Not all the projects that MAG invested in went well (White Brothers for example), and not all the founders decided to visit the bank and still stay involved - but most did - including Tom Rudd who, by then, was one of the single most experienced players in the aftermarket - in the 1960s Rudd had been one of the pioneers of opening up access to parts manufacturing factories in Asia, most notably in Taiwan.
The basic MAG concept was robust - provided the seemingly inexorable growth in the custom motorcycle parts and accessory market continued, then DAG would be able to continue to service the debt mountain it built up to buy the businesses before then flipping it.
However, therein lay the flaw, the historic weakness in the strategy, and one which would repeat and repeat again.
"many questions still to be resolved"
The growth of the late 1990s through to the mid-2020s was a paper tiger. It really was unsustainable. It was growth based on the quicksand of equity release fueling middle America's spend on its toys. Consumers in the United States (and elsewhere) were using their homes as ATMs and cashing in their apparent property profits using unsustainable and unsustainably complex loan products.
The heat in the housing market literally melted the banking system in 2007 and, all of a sudden, almost overnight, none of us were going to the bank anymore. Leveraged businesses like MAG found themselves stranded above the tide line as consumer confidence and spending evaporated.

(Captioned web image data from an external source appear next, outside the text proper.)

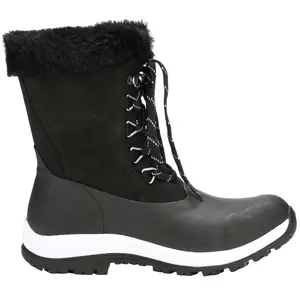 Muck Boot Womens Apres Lace Up Arctic Grip Snow Casual Boots Mid Calf Low Heel 1-2" - Black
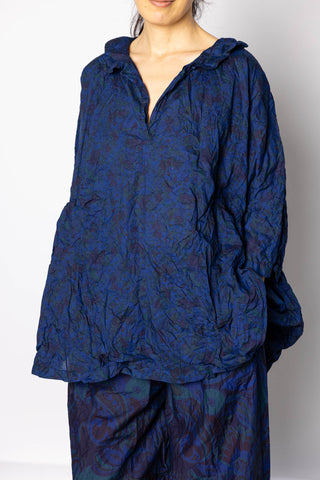 Overdyed Liberty Floral Blouse -  Royal Blue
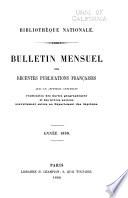 Bulletin Mensuel des Récentes Publications Francaises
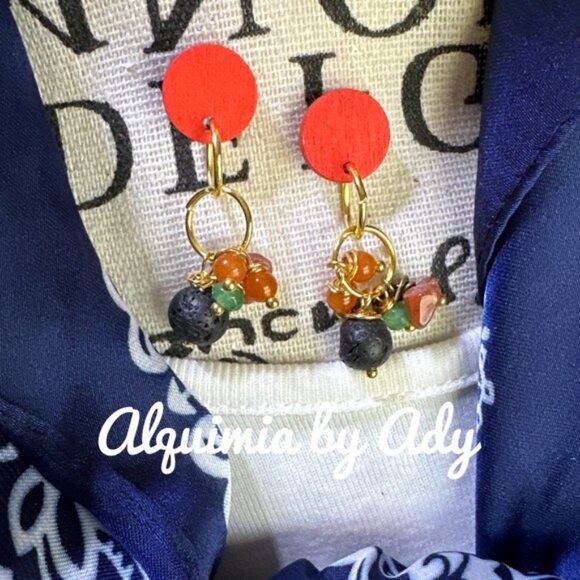 Alquimia Red and Gold Earrings - Picture 2 of 2
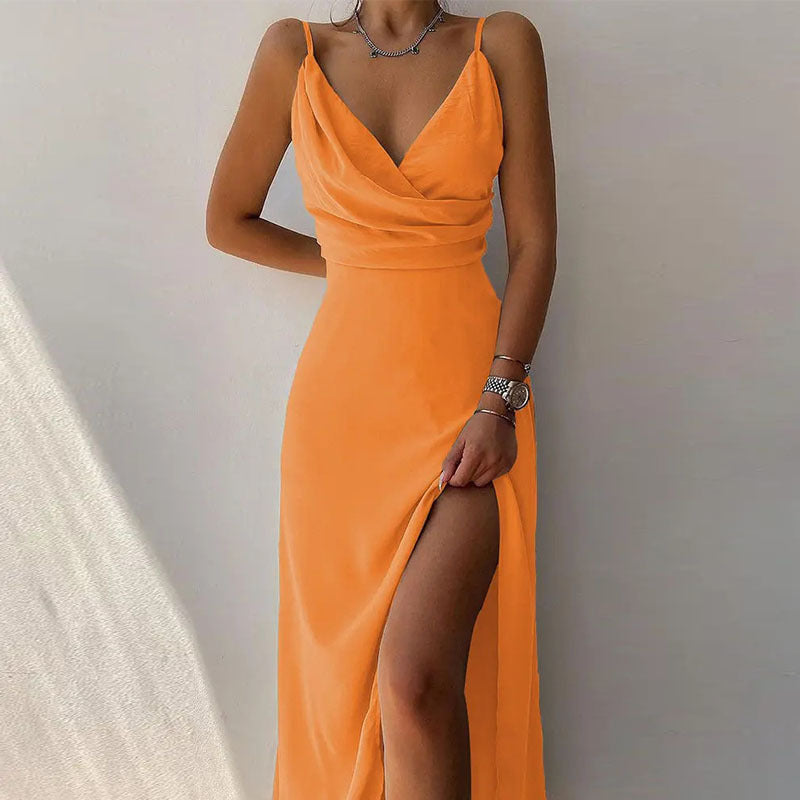 Sling V-neck Printed Dress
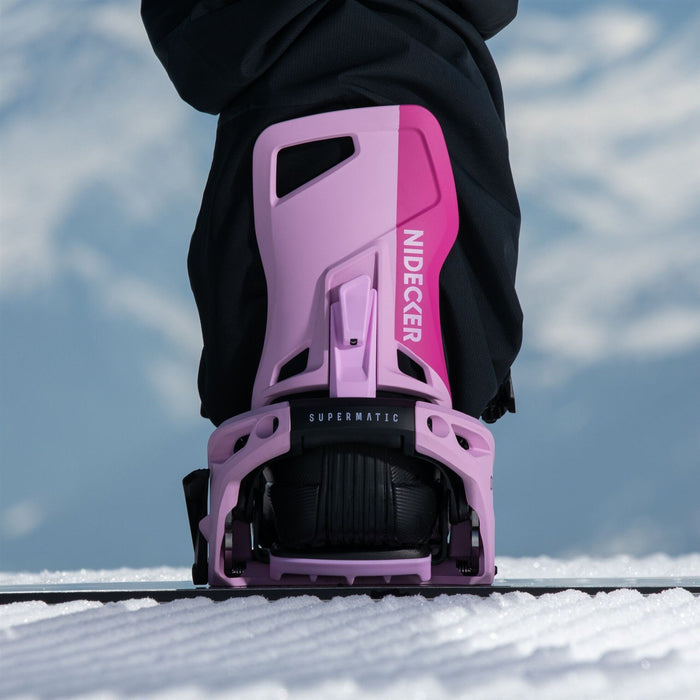 Nidecker OG Supermatic Snowboard Bindings Large Men 8.5-10.5 Women 9.5+Milkshake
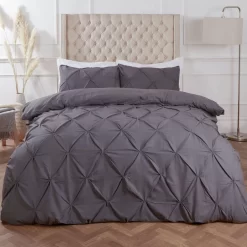 Highams Diamond Pintuck Pinch Pleat Duvet Cover Set - Charcoal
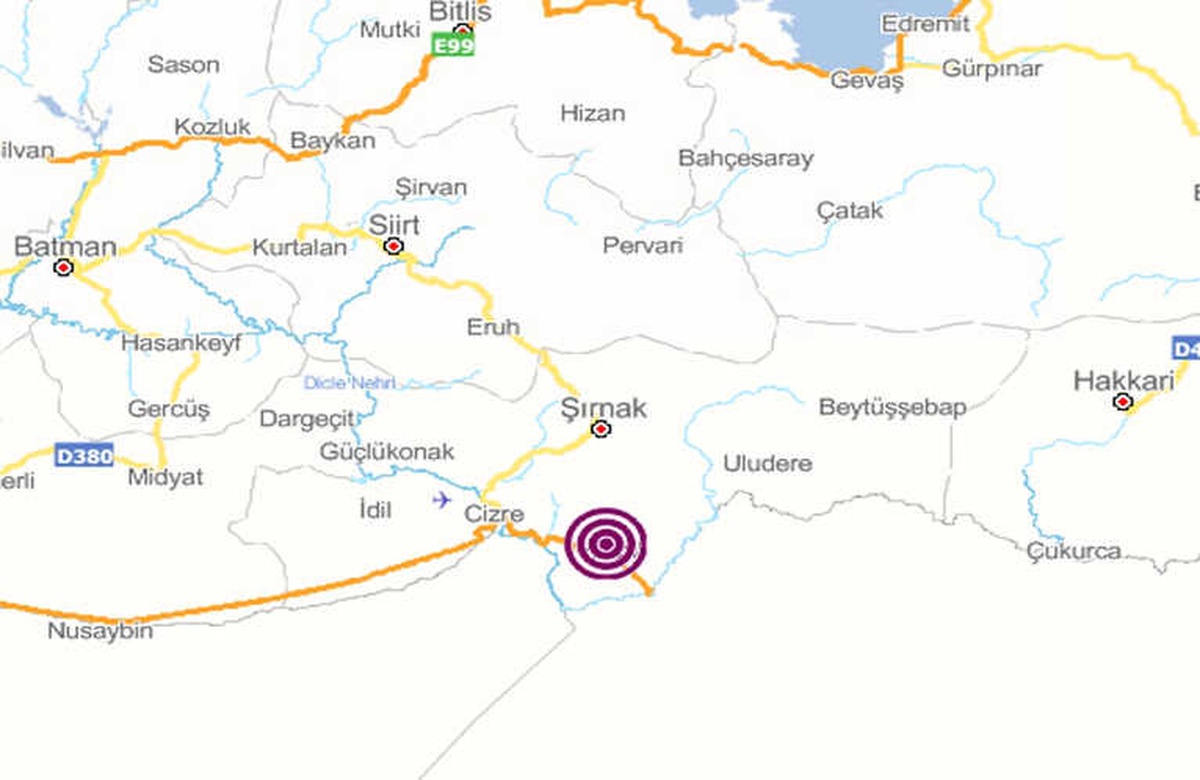 Şırnak\'ta 4.1 Büyüklüğünde Deprem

DAG sold its position in MAG to Los Angeles based equity investor Leonard Green & Partners (LGP), but the deal they did rapidly went from viable to troubled asset status. LGP limped on as owners for some five years or so before along came the then owner of Tucker Rocky - Lacy Diversified (LDI). They thought they were buying at the bottom of the market, they were not. They thought that a tall, integrated, metal to motorcycle business model could work, it could not.
Already now double leveraged with debt (DAG, LGP), Indianapolis based LDI, who had already been owners of Tucker Rocky for some 15 years or more at that stage, mortgaged their TR assets to acquire MAG. LDI tried to pass it off as a merger, but either way the group found itself straddled with a third drink from the well of debt just as the market took another dump.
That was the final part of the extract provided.